* SUPPLIED ENTRIES *
+ + +

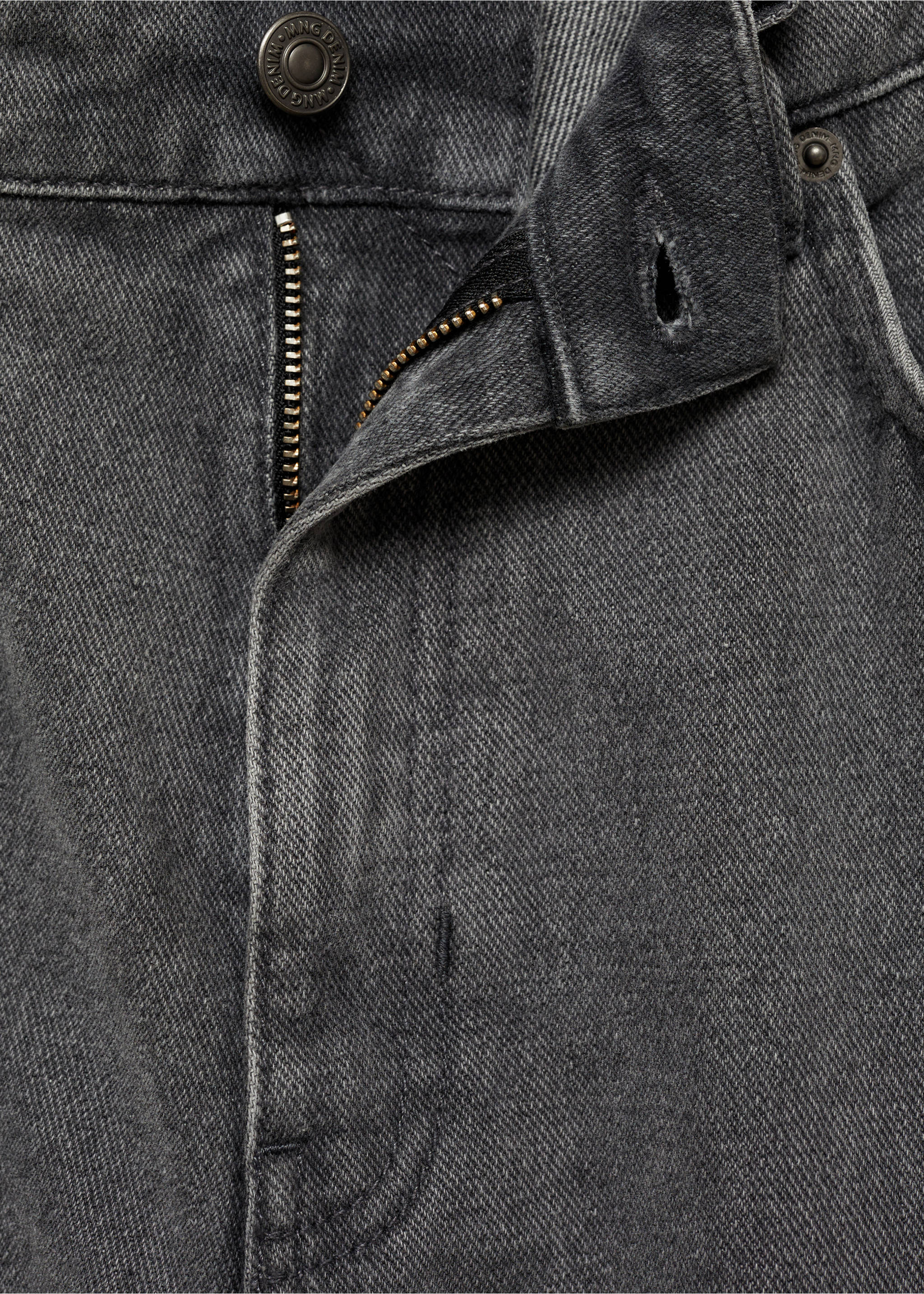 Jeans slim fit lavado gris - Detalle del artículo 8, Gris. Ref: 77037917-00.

+ + +

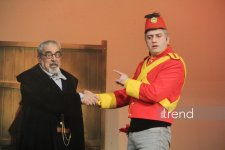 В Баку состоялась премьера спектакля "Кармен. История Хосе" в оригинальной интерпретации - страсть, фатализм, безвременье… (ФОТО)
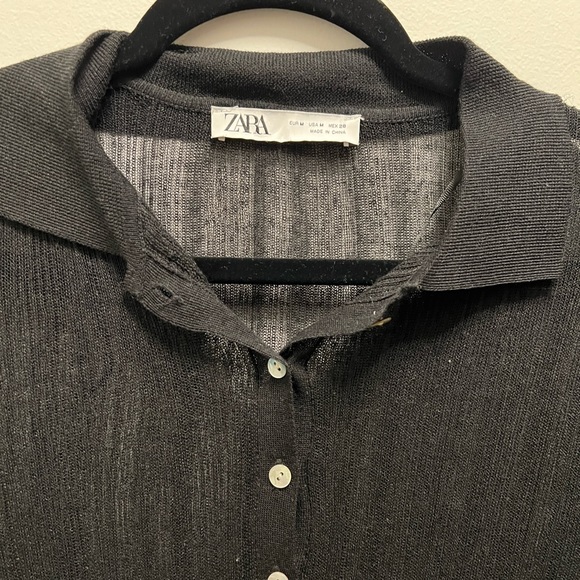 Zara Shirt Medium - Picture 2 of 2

+ + +

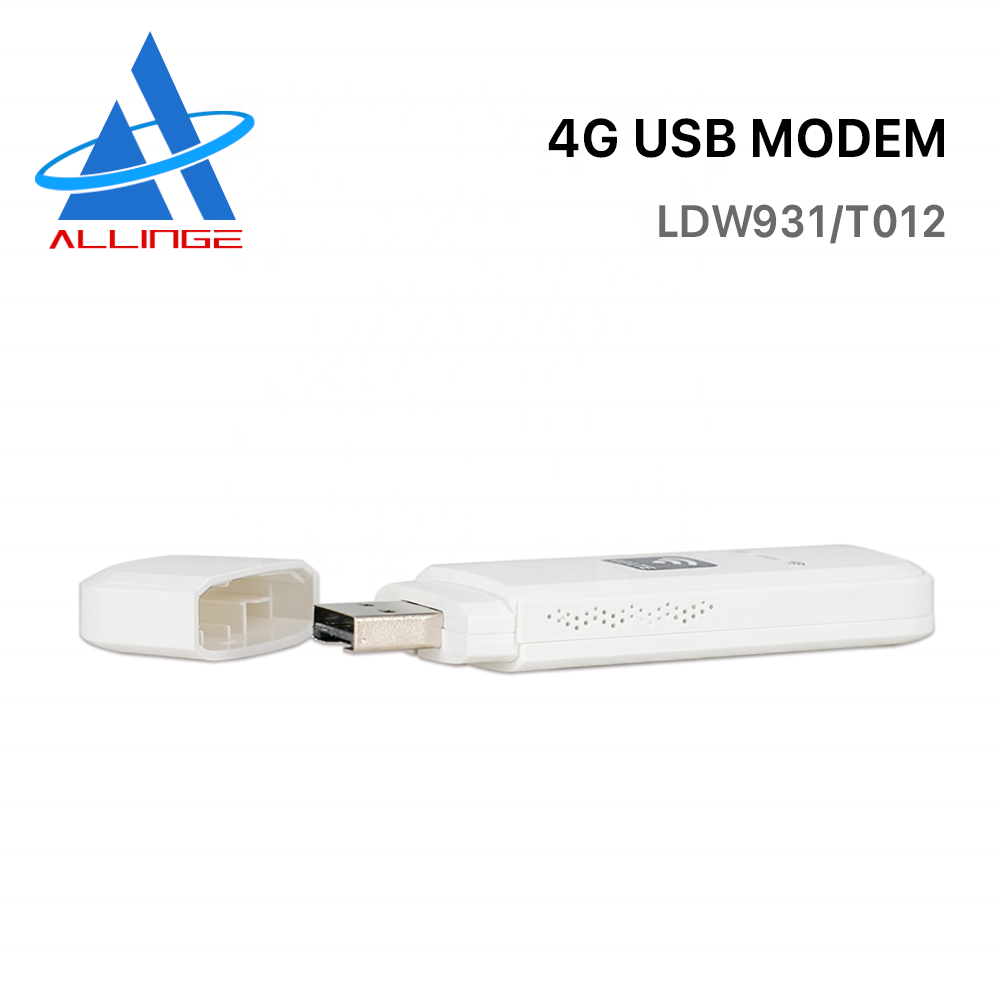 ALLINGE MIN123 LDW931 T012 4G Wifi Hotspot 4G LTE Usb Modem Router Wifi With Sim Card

+ + +

* WORK INSTRUCTIONS *
Using the entries above, reproduce word for word only the lines from the one that contains "В Баку состоялась" to the one that contains "Zara Shirt Medium - Picture 2 of 2", both ends included, and drop every picture.

* RESULT *
 В Баку состоялась премьера спектакля "Кармен. История Хосе" в оригинальной интерпретации - страсть, фатализм, безвременье… (ФОТО)
 Zara Shirt Medium - Picture 2 of 2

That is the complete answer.